23.11.08

Querer e agir

"O rabino Israel Salanter viajava de combóio até á cidade de Vilna. Apesar de já ser um dos maiores rabinos da geração, costumava viajar sózinho e com roupas simples, detalhes que escondiam a sua verdadeira importância. Ele viajava numa carruagem especial para fumadores juntamente com um outro judeu, que também ia para Vilna. No meio da viagem o Rabino acendeu um cigarro, mas imediatamente o outro judeu gritou, de forma desrespeitosa, para que o rabino apagasse o cigarro, argumentando que ele não suportava o cheiro. O Rabino poderia ter explicado que aquela carruagem era para fumadores, mas preferiu pedir desculpas e apagar o cigarro. Poucos minutos depois novos gritos daquele judeu ecoaram na carruagem. Desta vez gritava com o Rabino reclamando da janela aberta e do frio que entrava. Novamente o Rabino poderia justificar-se e explicar que a janela não havia sido aberta por ele, mas novamente preferiu pedir educadamente desculpas, levantar e fechar a janela.

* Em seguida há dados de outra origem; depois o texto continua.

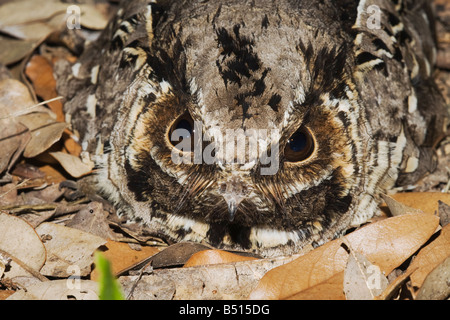 Comune Nyctidromus Pauraque albicollis adulto su nest Sinton Corpus Christi Coastal Bend Texas USA Foto Stock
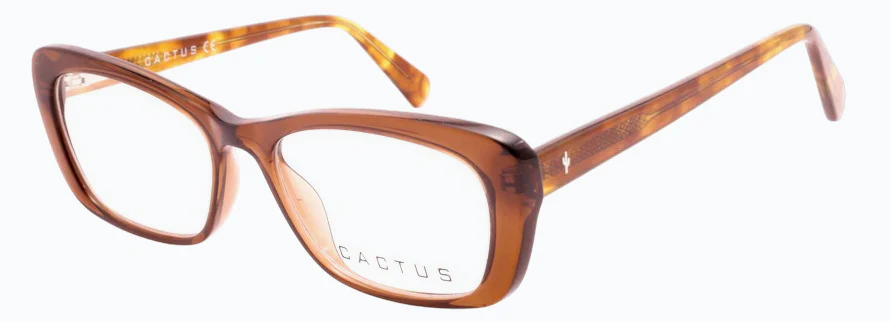 Cactus Prax - Image 8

Quando chegaram a Vilna, uma grande multidão esperava pelo Rabino Salanter. O outro judeu, curioso, perguntou quem era a grande celebridade que estava naquele combóio. Quando soube que aquele homem com quem tinha sido tão grosseiro era o grande Rabino Salanter, quase desmaiou. Passou toda a noite sem dormir e logo pela manhã foi até ao hotel onde o rabino estava hospedado. Mas antes que pudesse começar a falar, o Rabino sorriu e convidou-o, com uma voz suave, a sentar-se e tomar algo. Aquele judeu surpreendeu-se tanto com a simpatia daquele rabino, com quem ele havia sido tão indelicado, que chorou, e entre lágrimas pediu sinceramente perdão. O Rabino disse-lhe para não se preocupar pois já o havia perdoado e não tinha guardado nenhum rancor no coração.
Começaram a conversar e o rabino descobriu que o jovem estava em Vilna para se submeter a uma prova necessária para receber a autorização para fazer Shchitá (abate Kasher de animais). O Rabino fez de tudo para ajudá-lo a conseguir a autorização e abriu-lhe muitas portas. Mas infelizmente no dia da prova o rapaz demonstrou que não tinha os conhecimentos necessários e foi reprovado. O rabino que aplicou a prova pensou que talvez o mau desempenho era consequência do cansaço da viagem, e por isso pediu para que ele descansasse e tentasse novamente dentro de poucos dias. O rapaz ficou arrasado, pensou em voltar imediatamente para casa e abandonar o sonho de ser um Shochet.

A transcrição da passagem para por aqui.